• **Data below**
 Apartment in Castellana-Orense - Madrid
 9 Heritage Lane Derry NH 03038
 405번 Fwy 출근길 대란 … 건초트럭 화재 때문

• **Work request**
Every line above is to be duplicated exactly as shown.

• **Expected answer**
 Apartment in Castellana-Orense - Madrid
 9 Heritage Lane Derry NH 03038
 405번 Fwy 출근길 대란 … 건초트럭 화재 때문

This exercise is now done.